Opinion: Taxes pose human question

As the Kansas Legislature continues to debate whether to cut taxes and government services further, I have been thinking about the purpose of government at the state level. Ten years ago, if I remember correctly, the conservative political agenda in Kansas was to limit tax increases and to eliminate inefficiencies in government operations. Today those goals have been transformed into eliminating all income taxes and scaling back the size and scope of government services. This is a radical change.
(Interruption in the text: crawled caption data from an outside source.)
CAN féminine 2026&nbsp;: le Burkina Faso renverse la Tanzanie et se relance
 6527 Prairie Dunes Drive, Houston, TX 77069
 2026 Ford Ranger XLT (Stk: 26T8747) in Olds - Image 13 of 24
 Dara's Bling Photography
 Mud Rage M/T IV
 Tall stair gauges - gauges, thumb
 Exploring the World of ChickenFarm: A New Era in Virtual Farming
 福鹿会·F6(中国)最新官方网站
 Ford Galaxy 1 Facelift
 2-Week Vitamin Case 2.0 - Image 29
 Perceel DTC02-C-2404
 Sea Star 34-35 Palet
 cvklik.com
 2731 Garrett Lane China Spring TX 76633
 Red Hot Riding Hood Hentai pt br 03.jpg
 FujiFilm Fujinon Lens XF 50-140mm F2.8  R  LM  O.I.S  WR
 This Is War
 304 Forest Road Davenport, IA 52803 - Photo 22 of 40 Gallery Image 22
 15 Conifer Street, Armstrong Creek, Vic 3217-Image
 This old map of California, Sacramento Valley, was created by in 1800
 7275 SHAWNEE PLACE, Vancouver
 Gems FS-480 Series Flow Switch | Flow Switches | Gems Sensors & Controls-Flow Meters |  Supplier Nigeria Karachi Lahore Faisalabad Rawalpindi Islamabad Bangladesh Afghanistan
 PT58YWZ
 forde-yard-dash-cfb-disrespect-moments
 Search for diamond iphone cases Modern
We have reached the point where we are seeing the implementation of an agenda that would shift the focus of state government away from providing the current level of social and educational services to a much lower level.

At the root of this radical shift away from providing social and educational services is the overarching policy of lowering and eliminating taxes on business so that the state may create a more favorable business environment. What this means in practice is a march toward the elimination of all income taxes, the shifting of the tax burden to sales and property taxes, the elimination of certain individual income tax deductions like the deduction for home mortgage interest until the income tax is completely eliminated, and, of course, the scaling back of services provided by the state.

In effect, the purpose of state government is being shifted away from helping individual citizens, especially the poor and the disabled. Instead, the new purpose of state government is to help business. By helping business, supporters of this shift argue, individual citizens will be helped because the economy will improve, jobs will be created, and this new wealth will “trickle down” to even the poorest citizens.

In effect, what is now happening in Kansas at the state level is a move away from the idea of government as a “social safety net,” an idea that gained national influence when President Roosevelt and Congress created the “new Deal” in the 1930s. We are now clearly returning to a more rugged form of free market economics that sees the primary purpose of government as aiding economic development.

Here’s the problem, as I see it, with the shift in government purpose that is now going on. There are a great number of people in Kansas who benefit from a variety of social and educational services. As these services are eliminated or scaled back, those who benefit from them will suffer, in some cases, quite seriously. Many of those negatively affected are older Kansans, young children, and the disabled, who cannot easily or affordably replace the lost government services.

Thus, until our economy improves and until — and “if” — there is a trickle down effect that helps these people, their suffering will continue. So it comes down to a simple question: Are we, as Kansans, willing to see our fellow citizens, many of whom cannot replace lost government services, suffer grievously? That, to me, is the real question. It is not simply an economic question; it is a human question.